**Information:**
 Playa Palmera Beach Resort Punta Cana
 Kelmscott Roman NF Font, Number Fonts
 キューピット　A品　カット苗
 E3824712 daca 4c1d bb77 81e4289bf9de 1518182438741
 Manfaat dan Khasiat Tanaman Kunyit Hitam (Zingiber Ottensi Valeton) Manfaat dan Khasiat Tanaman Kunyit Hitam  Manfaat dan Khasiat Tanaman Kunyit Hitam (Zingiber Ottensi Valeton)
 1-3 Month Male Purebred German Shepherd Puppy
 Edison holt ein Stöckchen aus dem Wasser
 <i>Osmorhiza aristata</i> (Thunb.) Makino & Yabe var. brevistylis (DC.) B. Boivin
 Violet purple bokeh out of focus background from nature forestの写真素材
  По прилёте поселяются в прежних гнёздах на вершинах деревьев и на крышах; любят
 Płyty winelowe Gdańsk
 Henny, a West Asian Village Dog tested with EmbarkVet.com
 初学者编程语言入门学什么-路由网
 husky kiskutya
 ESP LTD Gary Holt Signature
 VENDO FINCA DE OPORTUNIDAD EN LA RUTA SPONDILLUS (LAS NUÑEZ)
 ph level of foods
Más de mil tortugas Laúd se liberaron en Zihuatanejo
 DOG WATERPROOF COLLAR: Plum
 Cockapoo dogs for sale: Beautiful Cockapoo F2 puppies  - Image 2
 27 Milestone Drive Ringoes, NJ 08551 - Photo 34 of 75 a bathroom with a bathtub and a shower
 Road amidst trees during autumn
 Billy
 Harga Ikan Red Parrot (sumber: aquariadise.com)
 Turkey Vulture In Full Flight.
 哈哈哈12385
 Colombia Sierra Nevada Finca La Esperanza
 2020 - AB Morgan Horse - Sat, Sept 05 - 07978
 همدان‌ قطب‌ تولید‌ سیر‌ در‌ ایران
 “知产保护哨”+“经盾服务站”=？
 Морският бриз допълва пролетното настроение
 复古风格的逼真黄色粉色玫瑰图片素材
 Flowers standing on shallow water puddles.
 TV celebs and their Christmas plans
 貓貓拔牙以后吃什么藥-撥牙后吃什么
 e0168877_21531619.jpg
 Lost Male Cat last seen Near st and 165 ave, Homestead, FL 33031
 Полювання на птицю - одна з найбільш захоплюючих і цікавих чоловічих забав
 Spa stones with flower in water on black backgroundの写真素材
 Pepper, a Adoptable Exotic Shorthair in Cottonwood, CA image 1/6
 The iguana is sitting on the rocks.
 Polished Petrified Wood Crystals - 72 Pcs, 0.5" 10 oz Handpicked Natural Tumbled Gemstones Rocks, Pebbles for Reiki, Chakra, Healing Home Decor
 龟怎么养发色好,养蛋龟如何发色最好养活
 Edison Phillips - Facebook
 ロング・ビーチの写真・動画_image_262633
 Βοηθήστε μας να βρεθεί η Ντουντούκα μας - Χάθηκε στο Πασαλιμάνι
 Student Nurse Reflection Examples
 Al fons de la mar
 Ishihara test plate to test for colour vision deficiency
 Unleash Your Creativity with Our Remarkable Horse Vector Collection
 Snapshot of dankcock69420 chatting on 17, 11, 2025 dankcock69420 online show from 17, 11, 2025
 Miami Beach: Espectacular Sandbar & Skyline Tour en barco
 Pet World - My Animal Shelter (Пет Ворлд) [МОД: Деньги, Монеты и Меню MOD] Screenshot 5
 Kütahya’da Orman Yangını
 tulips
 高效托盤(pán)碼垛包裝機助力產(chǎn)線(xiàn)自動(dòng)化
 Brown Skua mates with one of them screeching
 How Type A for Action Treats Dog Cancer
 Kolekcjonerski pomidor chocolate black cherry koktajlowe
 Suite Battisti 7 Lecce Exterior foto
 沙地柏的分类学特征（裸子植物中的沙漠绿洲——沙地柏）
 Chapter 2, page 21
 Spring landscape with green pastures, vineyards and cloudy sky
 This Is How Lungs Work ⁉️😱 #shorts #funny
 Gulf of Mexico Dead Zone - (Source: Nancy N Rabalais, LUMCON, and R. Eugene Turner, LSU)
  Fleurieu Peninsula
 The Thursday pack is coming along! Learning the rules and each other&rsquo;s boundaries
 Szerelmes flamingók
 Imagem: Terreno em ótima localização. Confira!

**Problem:** Every record is to be repeated exactly as it stands above.

**Reply:**
 Playa Palmera Beach Resort Punta Cana
 Kelmscott Roman NF Font, Number Fonts
 キューピット　A品　カット苗
 E3824712 daca 4c1d bb77 81e4289bf9de 1518182438741
 Manfaat dan Khasiat Tanaman Kunyit Hitam (Zingiber Ottensi Valeton) Manfaat dan Khasiat Tanaman Kunyit Hitam  Manfaat dan Khasiat Tanaman Kunyit Hitam (Zingiber Ottensi Valeton)
 1-3 Month Male Purebred German Shepherd Puppy
 Edison holt ein Stöckchen aus dem Wasser
 <i>Osmorhiza aristata</i> (Thunb.) Makino & Yabe var. brevistylis (DC.) B. Boivin
 Violet purple bokeh out of focus background from nature forestの写真素材
  По прилёте поселяются в прежних гнёздах на вершинах деревьев и на крышах; любят
 Płyty winelowe Gdańsk
 Henny, a West Asian Village Dog tested with EmbarkVet.com
 初学者编程语言入门学什么-路由网
 husky kiskutya
 ESP LTD Gary Holt Signature
 VENDO FINCA DE OPORTUNIDAD EN LA RUTA SPONDILLUS (LAS NUÑEZ)
 ph level of foods
Más de mil tortugas Laúd se liberaron en Zihuatanejo
 DOG WATERPROOF COLLAR: Plum
 Cockapoo dogs for sale: Beautiful Cockapoo F2 puppies  - Image 2
 27 Milestone Drive Ringoes, NJ 08551 - Photo 34 of 75 a bathroom with a bathtub and a shower
 Road amidst trees during autumn
 Billy
 Harga Ikan Red Parrot (sumber: aquariadise.com)
 Turkey Vulture In Full Flight.
 哈哈哈12385
 Colombia Sierra Nevada Finca La Esperanza
 2020 - AB Morgan Horse - Sat, Sept 05 - 07978
 همدان‌ قطب‌ تولید‌ سیر‌ در‌ ایران
 “知产保护哨”+“经盾服务站”=？
 Морският бриз допълва пролетното настроение
 复古风格的逼真黄色粉色玫瑰图片素材
 Flowers standing on shallow water puddles.
 TV celebs and their Christmas plans
 貓貓拔牙以后吃什么藥-撥牙后吃什么
 e0168877_21531619.jpg
 Lost Male Cat last seen Near st and 165 ave, Homestead, FL 33031
 Полювання на птицю - одна з найбільш захоплюючих і цікавих чоловічих забав
 Spa stones with flower in water on black backgroundの写真素材
 Pepper, a Adoptable Exotic Shorthair in Cottonwood, CA image 1/6
 The iguana is sitting on the rocks.
 Polished Petrified Wood Crystals - 72 Pcs, 0.5" 10 oz Handpicked Natural Tumbled Gemstones Rocks, Pebbles for Reiki, Chakra, Healing Home Decor
 龟怎么养发色好,养蛋龟如何发色最好养活
 Edison Phillips - Facebook
 ロング・ビーチの写真・動画_image_262633
 Βοηθήστε μας να βρεθεί η Ντουντούκα μας - Χάθηκε στο Πασαλιμάνι
 Student Nurse Reflection Examples
 Al fons de la mar
 Ishihara test plate to test for colour vision deficiency
 Unleash Your Creativity with Our Remarkable Horse Vector Collection
 Snapshot of dankcock69420 chatting on 17, 11, 2025 dankcock69420 online show from 17, 11, 2025
 Miami Beach: Espectacular Sandbar & Skyline Tour en barco
 Pet World - My Animal Shelter (Пет Ворлд) [МОД: Деньги, Монеты и Меню MOD] Screenshot 5
 Kütahya’da Orman Yangını
 tulips
 高效托盤(pán)碼垛包裝機助力產(chǎn)線(xiàn)自動(dòng)化
 Brown Skua mates with one of them screeching
 How Type A for Action Treats Dog Cancer
 Kolekcjonerski pomidor chocolate black cherry koktajlowe
 Suite Battisti 7 Lecce Exterior foto
 沙地柏的分类学特征（裸子植物中的沙漠绿洲——沙地柏）
 Chapter 2, page 21
 Spring landscape with green pastures, vineyards and cloudy sky
 This Is How Lungs Work ⁉️😱 #shorts #funny
 Gulf of Mexico Dead Zone - (Source: Nancy N Rabalais, LUMCON, and R. Eugene Turner, LSU)
  Fleurieu Peninsula
 The Thursday pack is coming along! Learning the rules and each other&rsquo;s boundaries
 Szerelmes flamingók
 Imagem: Terreno em ótima localização. Confira!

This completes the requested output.